Fasting for Ramadan is comprised of two main sections.  The first “New Moon in the Western Sky: Ramadan Essays” are free-associative essays first written for an Oberlin University blog.  Ali discusses his thoughts on Ramadan, dinner gatherings, and matters literary and personal.  The former blog entries give the essays a semi-public feel, not necessarily confessional, but definitely for public consumption.  (The essays pique this reviewer’s interest in seeing what the comments board revealed, since blog posts can act as one half of a public dialogue.)  The second section is called “Absence of Stars: A Fasting Notebook.”  Written years earlier, this is Ali’s personal journal during the Ramadan month.  The tone is more confessional, the feelings more naked, and the impressions more immediate.  In both sections, Ali’s calling as a poet are revealed.

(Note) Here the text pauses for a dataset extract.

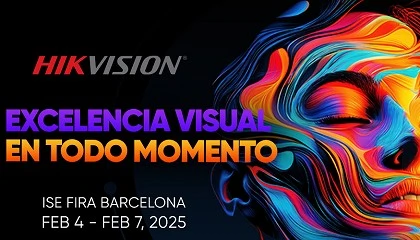 Foto de Hikvision presenta la nueva pantalla LED COB 8K en ISE 2025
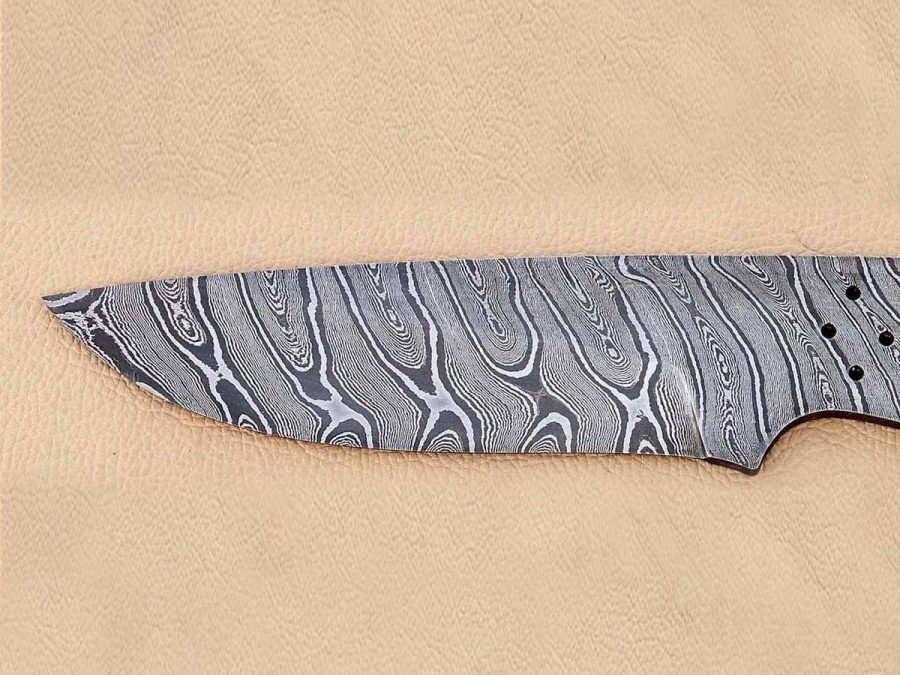 Custom Made Damascus Steel Hunting Knives Blade Blank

Islam, like Christianity and Judaism, is a religion of the word.  Ramadan celebrates the Prophet Muhammad’s injunction from God (Allah, al-Ilah, literally “The God”) to write the Quran.  Ali writes:

It’s a sacred month, regardless of fasting, because it is said to be the month in which the revelation of the Quran began.

When Gabriel came to the prophet in cave and said, “Read.  Read in the name of the One who created you, made you from a clot of blood.”

And what night of the month was that?  Complicated question.

Supposedly: An odd-numbered night in the third week of the month.  Cryptic.

(NB: Spacing and paragraph spacing in original text.)

Ali’s writing wavers from the ruminative to the epigrammatic, the text a dancer making split-second turns and unexpected reversals.  The hunger for food becomes the engine of his writing, propelling him forward and inward.  The inwardness yields to questions about his faith, his world, and his writing.  The inwardness remains even as the prolonged nature of the fast allows his gnawing hunger to fade away like so much fog on his morning runs.

Amidst the meditations, epigrams fly out and beckon second looks: “Fasting is first to abstain and then to embrace emptiness.  Then to give emptiness back.”  (How can one not think of Beckett?)  “But since I am not sure what the nature of god is (or God if you prefer, or G-D, or whatever) I don’t know how to speak.”  (Shades of the Daoist; serenity in uncertainty.)  “Eden is over, if ever Eden was real.”

The reviewer hopes to gain further pleasure from the text with the recipes in the back.  The emptiness of Kazim Ali’s experience gives back again, this time with the sensations of the tongue and the nose, the eye having been sated on the words.  This is literature to be savored by a writer that bucks the usual stereotype our culture has given the faithful Muslim.  On a rudimentary level, Fasting for Ramadan gives the reader an understanding of the physical and spiritual efforts involved in this month-long practice.  On another level, the book gives a double portrait (one public, another private) of an individual’s attempt to understand himself and his world.